Nationalities. The nationalities question here is quite complex, owing to centuries of colonization. Most of the original population consisted of Don Cossacks, who settled all of the northern and middle part of the Don River and a narrow corridor in the lower Don that today separates the main Ukrainian ethnic territory from the formerly Ukrainian-populated Kuban region and areas of eastern Subcaucasia. From this corridor extends another one, westward along the Donets River and beyond Luhansk, running through the territory of Ukraine. It should be pointed out that pure Russian is used only in the upper Don, in the basins of the Khoper and Medveditsa rivers. The Don Cossacks, who lived along the middle Don up to the Tsimla River, particularly in the northwest, speak a language that is influenced by Ukrainian. The language and ethnography of the inhabitants of the Lower Don also bear strong traces of Ukrainian. Ukrainian linguistic influence is even greater in the Donets dialect and in the mixed dialects on the borders of Subcaucasia.
The western part of the Don region was colonized independently of the Don Cossacks by the Zaporozhian Cossacks and Ukrainian peasants. Ukrainian migration into this territory was particularly vigorous after the abolition of serfdom; it then spread south into the sparsely settled regions adjacent to the Kuban and the eastern Subcaucasian steppes. Russian peasants settled here in smaller numbers. The cities, especially Rostov-na-Donu, and the Donets Basin attracted workers, mostly Russians. Besides Ukrainians and Russians, the Don region was settled also by Germans, Armenians, Jews, and Greeks, who gravitated towards the cities. The steppes in the southeast were inhabited by the Kalmyks. The non-Cossack population of the Don region was called inohorodni (Russian: inogorodnye [those from other towns]).

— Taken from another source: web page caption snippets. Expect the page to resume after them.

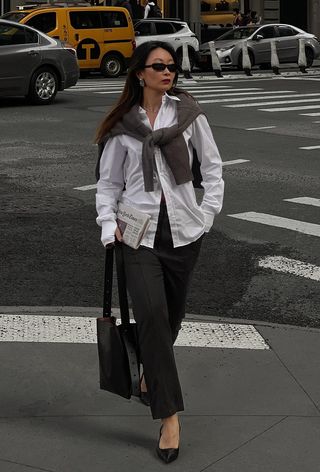 a photo of a woman's classic outfit idea with a white button-down shirt, black trousers, a gray cardigan, and black pointed pumps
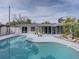 Inviting kidney-shaped pool with ample deck space at 4608 S Shamrock Rd, Tampa, FL 33611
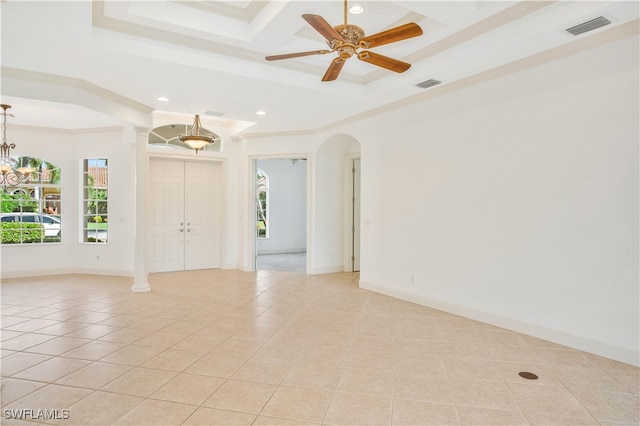 tiled empty room featuring ceiling fan with notable chandelier, a raised ceiling, and crown molding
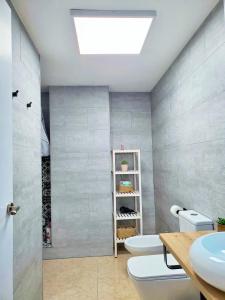een badkamer met 2 toiletten en een wastafel bij Apartamento céntrico con patio privado in Tarragona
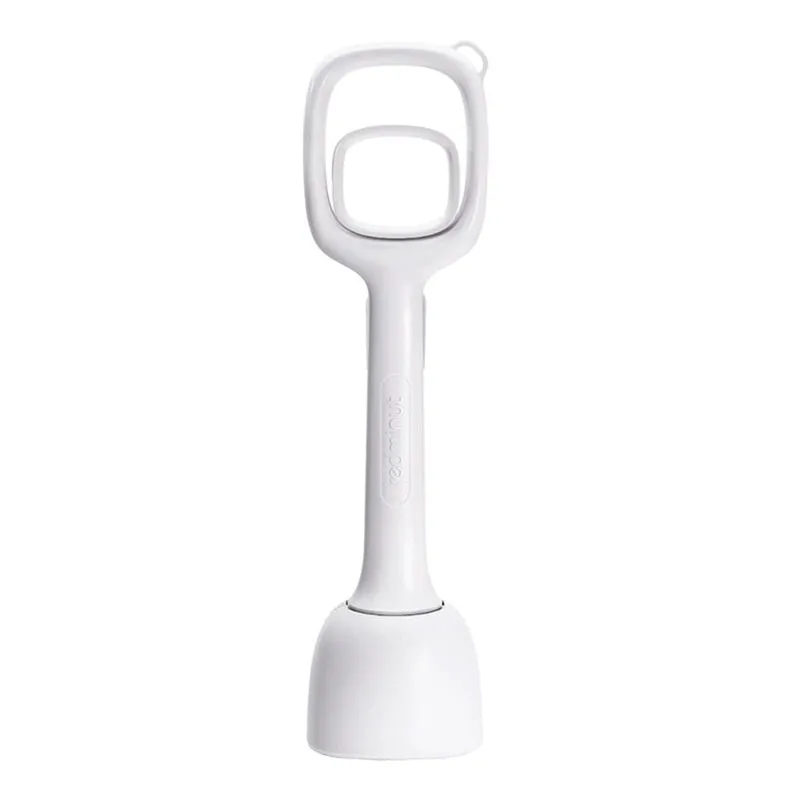 White plastic pooper scooper with clip shovel design for dog waste pick-up on grass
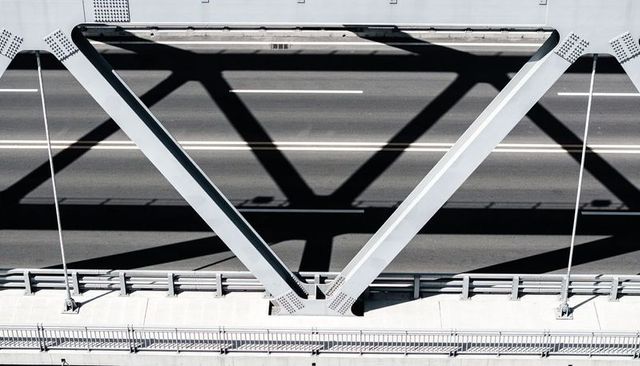 Casting v-shaped steel truss shadows across sunlit urban bridge and roadway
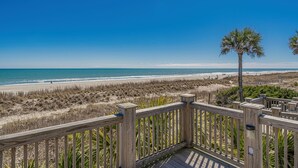 A wooden deck overlooking a beach with a clear sky. - Cottage in Ocean Lakes w/ Gated Porch + Golf Cart (Myrtle Beach)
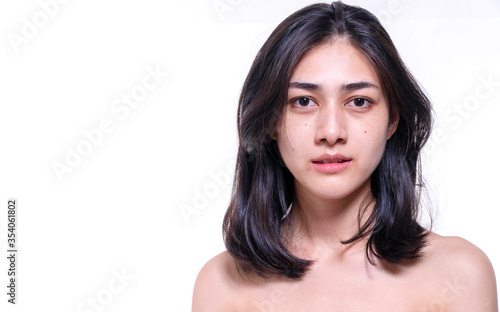 Beautiful young woman without make up on her face no retouch, fresh face while looking at camera on isolated white background. Facial treatment, cosmetic, spa, make up, beauty surgery clinic concept.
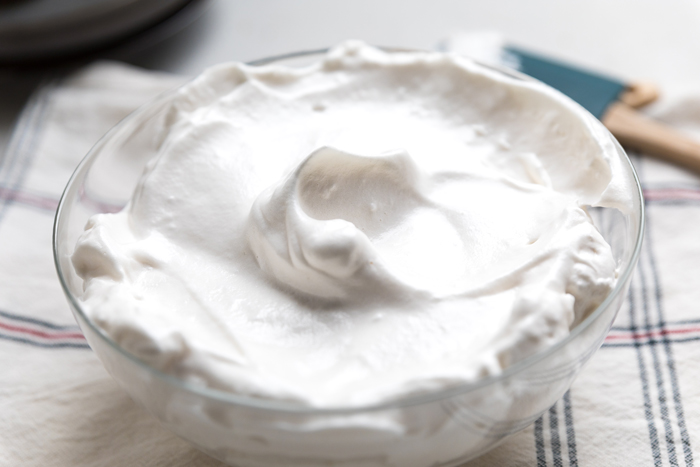 whipped vegan marshmallow fluff in a bowl.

Colonization increased the proportion of the inohorodni: they constituted 44 percent of the population in 1886, 50.5 percent in 1895, and 60 percent in 1910 (ie, a majority of the population).

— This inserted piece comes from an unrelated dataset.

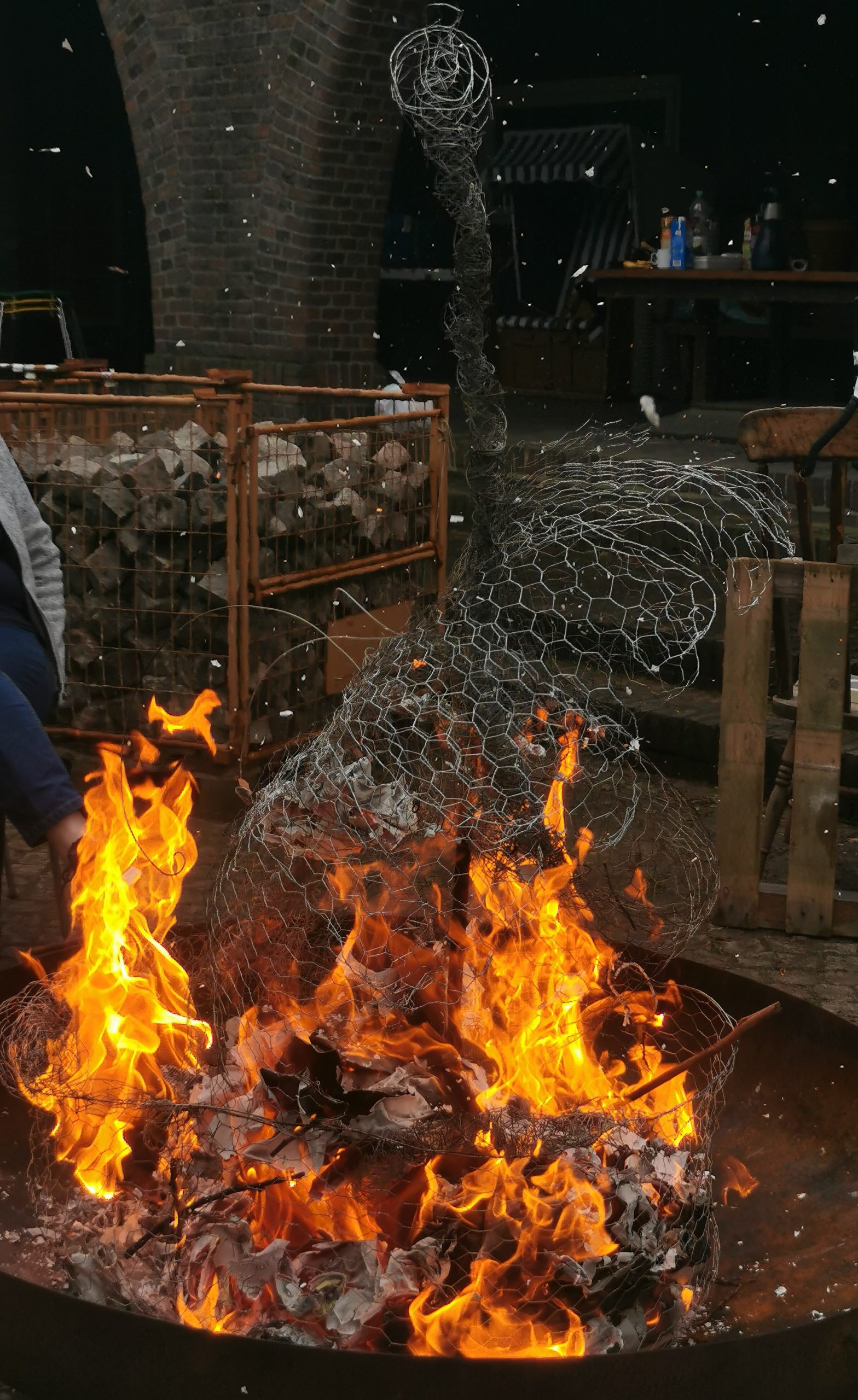 Eine Feuerstelle draußen brennt. In dem Feuer sind Drähte zu sehen.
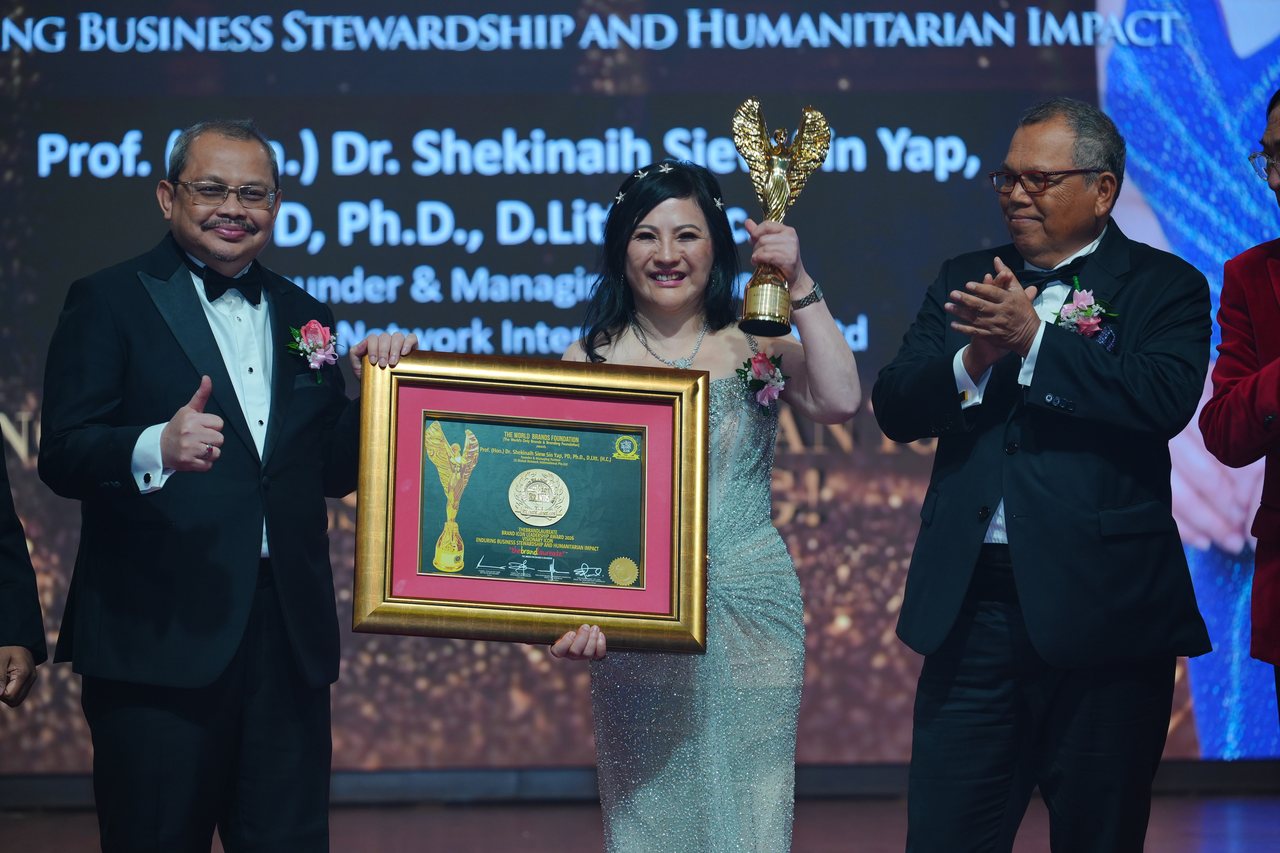 DR. SHEKINAIH SIEW SIN YAP, in a silver beaded gown, raises the gold winged trophy in her left hand and holds her framed certificate with a presenter giving a thumbs-up, as Tun Md Raus Sharif applauds, beneath the screen reading Enduring Business Stewardship and Humanitarian Impact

On the basis of official statistics published in 1897, Ukrainians constituted a majority (61.7 percent) in Tahanrih county and a large minority in Donets county (38.9 percent), Rostov county (33.6 percent), Salsk county (29.3 percent), and Novocherkassk county (18.9 percent). The Ukrainian ethnic territory in the Don region consisted of three parts: (1) the northern part between the Donets River and the Don River in the basin of the Kalitva River, containing the towns of Millerove, Chortkove, and Morozivske and separated by a non-Ukrainian strip of settlement along the Donets; (2) the southwestern part of the Tahanrih area; and (3) the lands north of the Manych and Sal rivers and adjacent to Subcaucasia. After the Bolsheviks occupied the Don region, the Tahanrih area and parts of Donets and Cherkassk counties were annexed to the Ukrainian Soviet Socialist Republic. In 1925 most of these territories were again separated from Ukraine; hence, only small border areas of the Don region remain in Ukraine today. The part of the region that was settled by Ukrainians but belongs to the Russian Federation has an area of 23,800 sq km and had a population in 1926 of 778,000, 76.8 percent of which was Ukrainian (81.9 percent of the rural population and 33.9 percent of the urban population). This population had a low level of national consciousness and easily became Russified, particularly in the towns and industrial areas, after its separation from the Ukrainian SSR.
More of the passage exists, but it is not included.